Rocker covers are covers that are bolted on over rocker arms in an internal combustion engine.  They are called valve covers in the United States, Canada, and in situations where Rocker Arms are not present, such as some Overhead Cam, and most Dual Overhead Cam engines. and rocker boxes in the United Kingdom.

On modern engines without rocker arms they are internationally known as "valve cover" but are sometimes referred to as a "cam cover" or "timing cover" if they also cover the timing gear(s) and belt or chain.

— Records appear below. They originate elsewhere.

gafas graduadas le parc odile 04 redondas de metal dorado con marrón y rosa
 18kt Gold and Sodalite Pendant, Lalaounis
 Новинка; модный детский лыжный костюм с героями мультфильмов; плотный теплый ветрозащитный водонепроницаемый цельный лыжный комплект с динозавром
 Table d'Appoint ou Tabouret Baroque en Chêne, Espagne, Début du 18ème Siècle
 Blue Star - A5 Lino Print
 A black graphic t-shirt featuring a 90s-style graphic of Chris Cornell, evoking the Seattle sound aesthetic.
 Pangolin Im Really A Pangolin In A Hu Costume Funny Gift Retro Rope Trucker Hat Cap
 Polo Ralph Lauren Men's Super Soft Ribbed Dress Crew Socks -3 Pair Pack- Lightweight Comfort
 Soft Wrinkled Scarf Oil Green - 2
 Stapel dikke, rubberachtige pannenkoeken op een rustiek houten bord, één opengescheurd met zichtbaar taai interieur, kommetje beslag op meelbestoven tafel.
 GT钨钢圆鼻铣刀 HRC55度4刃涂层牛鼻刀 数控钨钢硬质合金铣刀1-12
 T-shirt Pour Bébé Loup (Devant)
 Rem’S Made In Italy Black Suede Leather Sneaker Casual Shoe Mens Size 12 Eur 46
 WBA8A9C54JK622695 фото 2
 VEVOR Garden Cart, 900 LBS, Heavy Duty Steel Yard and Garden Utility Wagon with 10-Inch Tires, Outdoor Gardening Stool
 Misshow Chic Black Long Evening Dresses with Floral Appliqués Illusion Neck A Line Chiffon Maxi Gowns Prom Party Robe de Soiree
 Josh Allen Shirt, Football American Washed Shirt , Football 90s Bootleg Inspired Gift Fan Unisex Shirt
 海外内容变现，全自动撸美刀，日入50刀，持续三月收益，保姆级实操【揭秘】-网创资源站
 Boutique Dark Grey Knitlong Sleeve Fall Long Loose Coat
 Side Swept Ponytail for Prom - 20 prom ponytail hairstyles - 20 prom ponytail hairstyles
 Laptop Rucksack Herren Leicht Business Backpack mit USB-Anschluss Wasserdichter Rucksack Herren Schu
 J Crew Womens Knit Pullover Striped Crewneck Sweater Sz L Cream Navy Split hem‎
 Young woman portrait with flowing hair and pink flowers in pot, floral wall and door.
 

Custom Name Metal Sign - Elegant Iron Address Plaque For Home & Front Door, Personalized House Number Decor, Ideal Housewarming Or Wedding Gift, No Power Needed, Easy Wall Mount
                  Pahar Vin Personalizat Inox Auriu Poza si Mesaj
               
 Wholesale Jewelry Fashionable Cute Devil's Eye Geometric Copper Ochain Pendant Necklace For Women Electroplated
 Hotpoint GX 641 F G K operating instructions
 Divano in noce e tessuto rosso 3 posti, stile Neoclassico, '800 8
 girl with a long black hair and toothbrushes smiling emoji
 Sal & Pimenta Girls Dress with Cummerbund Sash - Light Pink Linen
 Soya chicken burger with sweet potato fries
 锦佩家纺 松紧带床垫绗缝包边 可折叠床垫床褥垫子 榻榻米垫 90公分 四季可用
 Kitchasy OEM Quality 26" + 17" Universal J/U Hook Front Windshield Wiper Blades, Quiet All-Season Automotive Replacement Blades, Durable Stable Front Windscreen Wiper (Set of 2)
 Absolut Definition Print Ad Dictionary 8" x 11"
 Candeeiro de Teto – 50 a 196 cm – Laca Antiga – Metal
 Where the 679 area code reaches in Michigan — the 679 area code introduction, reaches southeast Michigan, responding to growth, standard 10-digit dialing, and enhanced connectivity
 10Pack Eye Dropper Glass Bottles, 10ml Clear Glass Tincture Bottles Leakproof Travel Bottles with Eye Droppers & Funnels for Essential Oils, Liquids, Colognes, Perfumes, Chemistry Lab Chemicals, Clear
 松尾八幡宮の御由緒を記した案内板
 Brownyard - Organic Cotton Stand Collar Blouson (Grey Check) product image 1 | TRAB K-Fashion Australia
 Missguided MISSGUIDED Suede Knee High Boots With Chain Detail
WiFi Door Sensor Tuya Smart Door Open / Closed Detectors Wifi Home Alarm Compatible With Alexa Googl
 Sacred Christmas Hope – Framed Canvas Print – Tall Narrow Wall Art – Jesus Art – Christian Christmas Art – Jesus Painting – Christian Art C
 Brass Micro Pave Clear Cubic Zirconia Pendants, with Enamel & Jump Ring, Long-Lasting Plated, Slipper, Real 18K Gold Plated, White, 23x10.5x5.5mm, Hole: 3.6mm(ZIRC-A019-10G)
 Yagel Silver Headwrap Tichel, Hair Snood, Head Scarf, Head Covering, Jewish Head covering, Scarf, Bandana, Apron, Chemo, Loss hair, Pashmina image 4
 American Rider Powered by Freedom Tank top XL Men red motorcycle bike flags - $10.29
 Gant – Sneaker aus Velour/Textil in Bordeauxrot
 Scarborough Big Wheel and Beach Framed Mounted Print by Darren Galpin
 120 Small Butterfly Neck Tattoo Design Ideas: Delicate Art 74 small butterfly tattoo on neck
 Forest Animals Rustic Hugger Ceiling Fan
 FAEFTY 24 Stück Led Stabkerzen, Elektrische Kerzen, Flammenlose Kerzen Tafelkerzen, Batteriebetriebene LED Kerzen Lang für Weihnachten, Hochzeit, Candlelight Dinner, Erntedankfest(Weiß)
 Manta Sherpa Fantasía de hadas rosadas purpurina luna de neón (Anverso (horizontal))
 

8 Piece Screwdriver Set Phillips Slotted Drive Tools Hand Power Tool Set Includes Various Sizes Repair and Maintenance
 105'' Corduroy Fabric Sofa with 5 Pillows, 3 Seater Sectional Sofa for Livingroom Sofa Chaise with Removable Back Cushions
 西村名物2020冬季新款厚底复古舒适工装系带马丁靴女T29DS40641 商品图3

V engines (V6, V8, etc.) usually have two rocker covers, one for each bank of cylinders, while straight engines (I4, I6, etc.) and single-cylinder engines usually have one rocker cover. Very large multi-cylinder engines, such as those used in a ship or in aviation, may have one rocker cover for each cylinder, to make removal and installation more manageable.

History
In early engines, these covers did not exist.  As the rocker arms are critical to having the intake and exhaust valves operate, it was necessary to keep them constantly oiled.  With these early engines, the rocker arms would have to be frequently oiled as the oil was constantly being thrown off or contaminated with dirt from the outside environment.  The rocker cover was invented to keep the oil in and the dirt out.  This part is now found on nearly every existing internal combustion engine today.

Rocker cover gasket

A gasket (rocker cover gasket, or valve cover gasket in the US and Canada) helps seal the joint between the rocker cover and the rest of the engine. Failure of this gasket can cause oil to leak from the engine.